Aim of the exercise => In exact form, set down only those lines of the material that run from its first line to the line with "Hopefully you feel", inclusive.

Extracted material =>

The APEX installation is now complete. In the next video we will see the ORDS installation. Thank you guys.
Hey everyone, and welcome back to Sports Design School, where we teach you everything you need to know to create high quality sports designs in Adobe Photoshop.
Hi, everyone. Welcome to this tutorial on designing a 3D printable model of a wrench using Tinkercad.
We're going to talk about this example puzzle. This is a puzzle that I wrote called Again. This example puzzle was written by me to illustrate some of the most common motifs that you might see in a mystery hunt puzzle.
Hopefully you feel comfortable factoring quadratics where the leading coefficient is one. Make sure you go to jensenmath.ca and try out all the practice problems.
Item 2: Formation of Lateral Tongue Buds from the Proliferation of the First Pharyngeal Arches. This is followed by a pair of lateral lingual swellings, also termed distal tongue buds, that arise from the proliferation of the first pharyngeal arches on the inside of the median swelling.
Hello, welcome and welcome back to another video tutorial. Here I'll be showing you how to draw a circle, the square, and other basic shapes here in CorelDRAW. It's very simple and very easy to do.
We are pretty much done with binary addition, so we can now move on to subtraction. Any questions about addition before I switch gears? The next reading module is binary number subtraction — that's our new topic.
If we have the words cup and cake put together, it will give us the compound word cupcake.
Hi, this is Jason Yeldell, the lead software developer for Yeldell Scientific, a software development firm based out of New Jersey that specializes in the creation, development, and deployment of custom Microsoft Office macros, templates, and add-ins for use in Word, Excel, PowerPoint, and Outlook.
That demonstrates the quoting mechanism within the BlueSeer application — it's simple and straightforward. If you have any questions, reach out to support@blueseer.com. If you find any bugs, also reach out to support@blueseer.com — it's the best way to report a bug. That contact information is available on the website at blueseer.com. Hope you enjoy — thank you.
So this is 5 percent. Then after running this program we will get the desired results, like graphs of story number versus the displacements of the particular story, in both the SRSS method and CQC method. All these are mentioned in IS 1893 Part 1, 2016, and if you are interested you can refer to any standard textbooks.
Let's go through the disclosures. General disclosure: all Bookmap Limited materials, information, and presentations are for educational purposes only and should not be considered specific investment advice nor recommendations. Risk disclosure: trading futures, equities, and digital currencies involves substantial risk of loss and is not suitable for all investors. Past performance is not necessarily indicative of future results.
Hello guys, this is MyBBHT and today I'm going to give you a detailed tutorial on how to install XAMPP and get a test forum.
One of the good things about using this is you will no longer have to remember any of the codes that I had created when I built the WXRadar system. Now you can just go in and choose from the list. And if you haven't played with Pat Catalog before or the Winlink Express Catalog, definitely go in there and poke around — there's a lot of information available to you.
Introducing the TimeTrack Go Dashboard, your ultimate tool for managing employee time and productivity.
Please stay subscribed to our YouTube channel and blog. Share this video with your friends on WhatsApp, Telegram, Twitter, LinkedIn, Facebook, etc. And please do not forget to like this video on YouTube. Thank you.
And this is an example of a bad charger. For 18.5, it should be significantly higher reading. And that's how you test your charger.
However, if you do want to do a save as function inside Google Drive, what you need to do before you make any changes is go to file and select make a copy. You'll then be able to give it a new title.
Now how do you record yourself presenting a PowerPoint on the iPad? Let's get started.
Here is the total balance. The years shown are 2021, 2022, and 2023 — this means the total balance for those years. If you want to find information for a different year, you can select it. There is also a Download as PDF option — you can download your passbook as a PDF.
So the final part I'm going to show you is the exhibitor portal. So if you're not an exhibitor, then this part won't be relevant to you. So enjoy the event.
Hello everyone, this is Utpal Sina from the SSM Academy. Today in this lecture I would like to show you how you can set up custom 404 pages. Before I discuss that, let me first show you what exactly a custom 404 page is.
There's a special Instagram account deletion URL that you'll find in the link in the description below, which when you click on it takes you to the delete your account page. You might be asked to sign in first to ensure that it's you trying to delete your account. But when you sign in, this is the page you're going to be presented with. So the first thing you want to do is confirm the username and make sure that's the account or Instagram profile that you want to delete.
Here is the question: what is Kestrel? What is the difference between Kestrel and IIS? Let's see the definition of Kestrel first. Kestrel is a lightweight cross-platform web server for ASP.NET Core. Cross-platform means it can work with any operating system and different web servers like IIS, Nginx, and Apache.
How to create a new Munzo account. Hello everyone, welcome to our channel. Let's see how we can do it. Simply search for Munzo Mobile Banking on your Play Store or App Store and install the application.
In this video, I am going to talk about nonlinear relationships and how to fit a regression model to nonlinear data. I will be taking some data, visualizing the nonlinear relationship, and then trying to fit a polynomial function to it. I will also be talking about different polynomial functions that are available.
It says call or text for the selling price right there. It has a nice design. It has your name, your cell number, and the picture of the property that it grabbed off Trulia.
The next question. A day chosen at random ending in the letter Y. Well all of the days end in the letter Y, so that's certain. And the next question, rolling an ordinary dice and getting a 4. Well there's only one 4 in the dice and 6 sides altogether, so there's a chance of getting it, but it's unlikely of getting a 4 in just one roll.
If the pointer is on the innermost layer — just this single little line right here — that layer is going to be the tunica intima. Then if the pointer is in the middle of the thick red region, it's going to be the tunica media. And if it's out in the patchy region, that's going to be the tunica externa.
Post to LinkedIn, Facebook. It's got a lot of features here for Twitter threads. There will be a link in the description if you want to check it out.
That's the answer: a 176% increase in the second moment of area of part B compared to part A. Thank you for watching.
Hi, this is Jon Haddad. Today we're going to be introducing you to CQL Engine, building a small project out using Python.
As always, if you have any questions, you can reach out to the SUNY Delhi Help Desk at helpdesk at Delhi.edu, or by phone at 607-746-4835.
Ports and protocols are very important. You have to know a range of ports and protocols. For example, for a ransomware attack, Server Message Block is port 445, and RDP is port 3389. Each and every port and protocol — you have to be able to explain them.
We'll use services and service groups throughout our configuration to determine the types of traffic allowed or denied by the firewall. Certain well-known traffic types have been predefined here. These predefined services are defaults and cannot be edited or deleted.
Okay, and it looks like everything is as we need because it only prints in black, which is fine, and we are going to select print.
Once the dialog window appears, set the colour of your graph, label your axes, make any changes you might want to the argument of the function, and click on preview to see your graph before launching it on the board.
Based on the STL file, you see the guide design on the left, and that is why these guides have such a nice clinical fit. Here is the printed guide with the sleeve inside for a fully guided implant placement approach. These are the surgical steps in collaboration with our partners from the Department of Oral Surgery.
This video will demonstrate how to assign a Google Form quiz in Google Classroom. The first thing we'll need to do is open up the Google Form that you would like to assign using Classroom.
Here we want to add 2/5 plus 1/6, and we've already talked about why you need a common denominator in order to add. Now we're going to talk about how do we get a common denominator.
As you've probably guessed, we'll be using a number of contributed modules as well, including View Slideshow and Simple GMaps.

Answer =>
The APEX installation is now complete. In the next video we will see the ORDS installation. Thank you guys.
Hey everyone, and welcome back to Sports Design School, where we teach you everything you need to know to create high quality sports designs in Adobe Photoshop.
Hi, everyone. Welcome to this tutorial on designing a 3D printable model of a wrench using Tinkercad.
We're going to talk about this example puzzle. This is a puzzle that I wrote called Again. This example puzzle was written by me to illustrate some of the most common motifs that you might see in a mystery hunt puzzle.
Hopefully you feel comfortable factoring quadratics where the leading coefficient is one. Make sure you go to jensenmath.ca and try out all the practice problems.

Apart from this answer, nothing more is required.